ZFS_DBGMSG(zdb) START:
spa.c:6098:spa_import(): spa_import: importing bigone
spa_misc.c:418:spa_load_note(): spa_load(bigone, config trusted): LOADING
spa_misc.c:418:spa_load_note(): spa_load(bigone, config untrusted): vdev tree has 1 missing top-level vdevs.
spa_misc.c:418:spa_load_note(): spa_load(bigone, config untrusted): current settings allow for maximum 0 missing top-level vdevs at this stage.
spa_misc.c:403:spa_load_failed(): spa_load(bigone, config untrusted): FAILED: unable to open vdev tree [error=2]
vdev.c:212:vdev_dbgmsg_print_tree(): vdev 0: root, guid: 18208768974987298556, path: N/A, can't open
vdev.c:212:vdev_dbgmsg_print_tree(): vdev 0: raidz, guid: 1389112146403432605, path: N/A, can't open
vdev.c:212:vdev_dbgmsg_print_tree(): vdev 0: disk, guid: 6576567205135368536, path: /dev/disk/by-id/ata-ST4000VN008-2DR166_ZDHAX6MF-part1, can't open
vdev.c:212:vdev_dbgmsg_print_tree(): vdev 1: disk, guid: 11223351249977905860, path: /dev/sdb1, healthy
vdev.c:212:vdev_dbgmsg_print_tree(): vdev 2: disk, guid: 18406418524549592766, path: /dev/disk/by-id/ata-ST4000VN008-2DR166_ZDHAHMJG-part1, can't open
vdev.c:212:vdev_dbgmsg_print_tree(): vdev 3: disk, guid: 12249813091560993336, path: /dev/disk/by-id/ata-ST4000VN008-2DR166_ZGY97GD3-part1, can't open
vdev.c:212:vdev_dbgmsg_print_tree(): vdev 4: disk, guid: 16845159498843104203, path: /dev/disk/by-id/ata-ST4000VN006-3CW104_ZW60896Z-part1, healthy
vdev.c:212:vdev_dbgmsg_print_tree(): vdev 5: disk, guid: 3727851619167910069, path: /dev/disk/by-id/ata-ST4000VN006-3CW104_ZW6088TR-part1, healthy
vdev.c:212:vdev_dbgmsg_print_tree(): vdev 6: disk, guid: 14363383109377104818, path: /dev/disk/by-id/ata-ST4000VN008-2DR166_ZDHAH42Q-part1, can't open
vdev.c:212:vdev_dbgmsg_print_tree(): vdev 7: disk, guid: 6356202158419617414, path: /dev/disk/by-id/ata-ST4000VN008-2DR166_ZDHAX86T-part1, can't open
spa_misc.c:418:spa_load_note(): spa_load(bigone, config untrusted): UNLOADING
ZFS_DBGMSG(zdb) END
But the fdisk -l showed the partitions existed!?!
Then ls -la /dev/disk/by-id/ showed that the partitions weren't showing up in the device tree?!

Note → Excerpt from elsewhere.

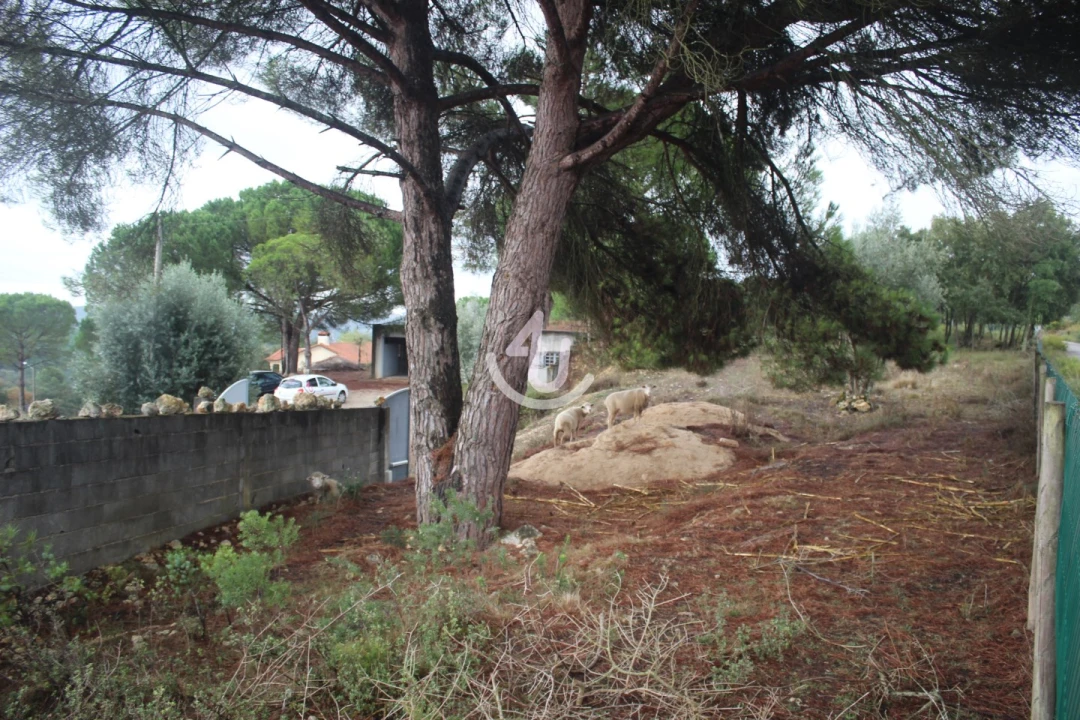 Terreno para Venda em Nossa Senhora da Piedade Foto 25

After some searching, I found it could have been related to udev function in systemd.
udevadm test --action=add /sys/class/block/sd*
I believe this posts a message to udev which wakes things up? (someone confirm to me?)
Then I did partprobe and it recreated the symlinks in the dev tree for the missing partitions. Partprobe alone didn't seem to recover things, but using udevadm before it definitely helped.

pool: bigone
state: ONLINE
scan: scrub in progress since Mon May 8 01:24:08 2023
250G scanned at 9.98G/s, 2.14M issued at 87.8K/s, 6.13T total
0B repaired, 0.00% done, no estimated completion time
config:

NAME STATE READ WRITE CKSUM
bigone ONLINE 0 0 0
raidz2-0 ONLINE 0 0 0
ata-ST4000VN008-2DR166_ZDHAX6MF ONLINE 0 0 0
ata-ST4000VN006-3CW104_ZW60BY21 ONLINE 0 0 0
ata-ST4000VN008-2DR166_ZDHAHMJG ONLINE 0 0 0
ata-ST4000VN008-2DR166_ZGY97GD3 ONLINE 0 0 0
ata-ST4000VN006-3CW104_ZW60896Z ONLINE 0 0 0
ata-ST4000VN006-3CW104_ZW6088TR ONLINE 0 0 0
ata-ST4000VN008-2DR166_ZDHAH42Q ONLINE 0 0 0
ata-ST4000VN008-2DR166_ZDHAX86T ONLINE 0 0 0

errors: No known data errors

If anyone knows what the root cause of this is, I'd appreciate it! Because next time the server reboots I don't want to do this again.
 

CyklonDX

Well-Known Member
Nov 8, 2022
819
267
63
Just to confirm you didn't use your mellanox card for jbod to those storage devices?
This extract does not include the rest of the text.